Strategy of Evangelism or Strategy of Evasion?
Some Christians are beyond strange when it comes to evangelism. A little less than 30 years ago, I knew a young man on a church staff whose idea of making the local church fit for reaching people for Christ was to shed everything overtly religious
about Sunday worship services. The irony never crossed his confused mind.
I also knew a guilt-ridden church elder whose idea of outreach was joining up with a certain parachurch ministry aimed at evangelism, but, in his case at least, the project never got any farther than occasionally having a friendly conversation with some non-believer. That to him seemed to be the end game!
In both instances, the gospel never got onto the field of play and so far as I know, neither of those individuals ever had the slightest part in leading any individual to Christ. Their kind defines uselessness.
Our inattentiveness to honest evangelism in recent times has come back to haunt our preaching in the form of skepticism. Initially we do not work at it, because we are afraid of it. Afraid of social alienation. Afraid of being looked down upon. Afraid of failure. Fear stops us dead in our tracks. Yet, like all cowards, we have to divert attention from our chicken-heartedness.
So we find some cause
to bring out our bully face and to help us convince ourselves, if not others, that we are “putting it all on the line.” We may emphasize missions or even offer ourselves for missionary service or volunteer to live in a ghetto or work on a soup line or join an abortion protest or take up the fight against homosexuality or enlist in a political campaign of a Christian
candidate for public office or champion the rights of the disadvantaged (social justice) or wage war on materialism and issue great calls for a return to a simple lifestyle. We will find ourselves a cause or something to martyr ourselves over. We will go to the wall over everything but the main thing.
We will do almost anything but the hardest thing—to confront unbelieving friends and neighbors and relatives with the fact that they are lost sinners that, unless they turn from their love of darkness and embrace by faith the provision God has made, they are damned to a Christless eternity—without hope and without God. I am not saying that the facts need always to be presented to lost friends and neighbors and co-workers just that way, but the point is, they need to be declared in some way, softly or bluntly or whatever, but somehow, someway.
Now that’s the really hard thing. There is nothing else quite equal to it. There is nothing else that Christians do that quite so antagonizes sinners, that so draws upon ourselves the mockery of the world, that makes us feel so lonely in it. Not that the objective is to get on people’s nerves, but simply to point out that nothing gets up the devil’s ire and draws his fire like the truth.
The blowback we sometimes get in evangelism tempts us to evade it. Our inactivity spawns inertia. Because we stray out on the periphery of duty and studiously avoid the central task, little or nothing happens. In such a vacuum of close encounters with the power and presence of God, what usually happens is that the minister, unable to question himself (he is afraid of the answers and their consequences), begins to question his message. He will either question its power to change men and societies or he will question its presentation.

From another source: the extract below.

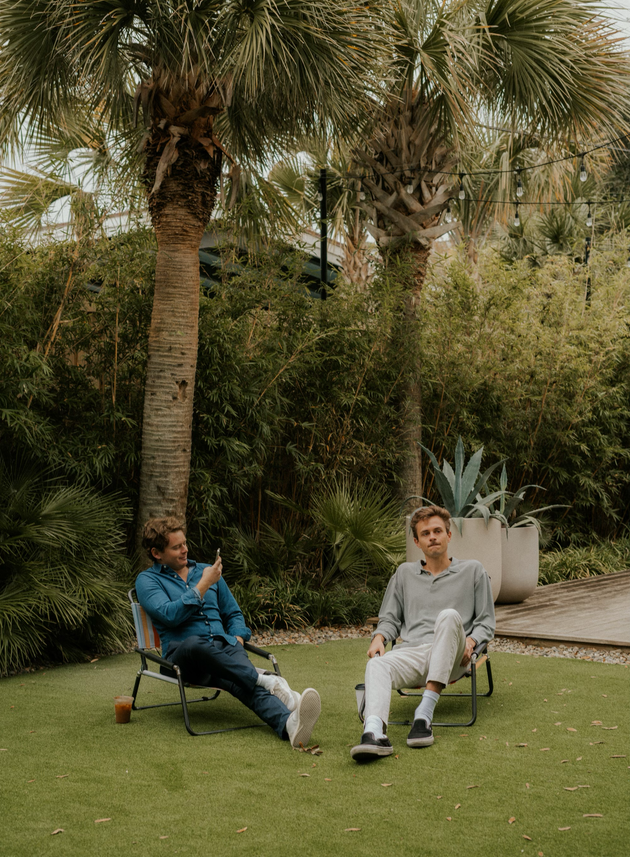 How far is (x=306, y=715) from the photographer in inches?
134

In the former case, he falls back on the weapons of the world to accomplish God’s goals. I am convinced, for example, that much Christian political activism has its roots in just such a crisis of confidence in the Gospel. Lacking confidence in the Gospel, in frustration, ministers resort to political means. This will fail miserably, in my judgment. In fact it already has.

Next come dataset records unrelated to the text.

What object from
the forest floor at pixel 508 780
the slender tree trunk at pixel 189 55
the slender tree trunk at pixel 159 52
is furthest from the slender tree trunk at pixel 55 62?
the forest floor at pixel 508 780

This is precisely the route liberals took when they gave up on the Gospel. Like them before us, we mask our departure with pious rationalizations. We call it perhaps “getting the salt out of the shaker.” Now who can argue with that? The problem is, for me at least, I see a lot more agitation than salinization. Who is coming to Christ? Certainly we have to stake out our Christian positions on many of these issues. What I am saying is that we can add to our agenda as necessary; but we have no right to subtract or substitute. And that, I am afraid, is mostly what this kind of activity ends up doing—subtracting and substituting.
In the latter case, we get a similar result with a different rationale. Because we are unwilling to tolerate the social risks inherent in traditional evangelism, we opt for circuitous strategies that go around by Robin Hood’s barn.
In this mode the evader of the evangelistic task likes to talk piously of a strategy of social “bridge building.” It also goes by other soothing names like “friendship evangelism.”
Now the idea in itself is sound enough, let it be acknowledged. And in some cases I have no doubt that it is a serious evangelistic strategy and one which actually bears fruit.
But for many, it appears to me, these bridges
are white elephants. Bridges are useless without approaches. And we never get down to approaches. You see, our mission is not building relationships with the world. It is calling the world to discipleship. Anything short of that is functional abortion.
Let us face the reality. For most people in this mode, “friendship evangelism” is not a strategy of evangelism, but a strategy of evasion. They are not building bridges; they are hiding in bunkers. This posture is quite frequently the child of doubt, not the offspring of commitment.
And, the truth is, many preachers therefore don’t experience the power of God because they are unwilling to take the risks necessary. The power of God seems to most often find us out there on the raw edges of serious risk. Few endeavors present us with so many opportunities to encounter the power and presence of God as aggressive, up front, eye-to-eye evangelism where the Enemy is most vulnerable and defensive.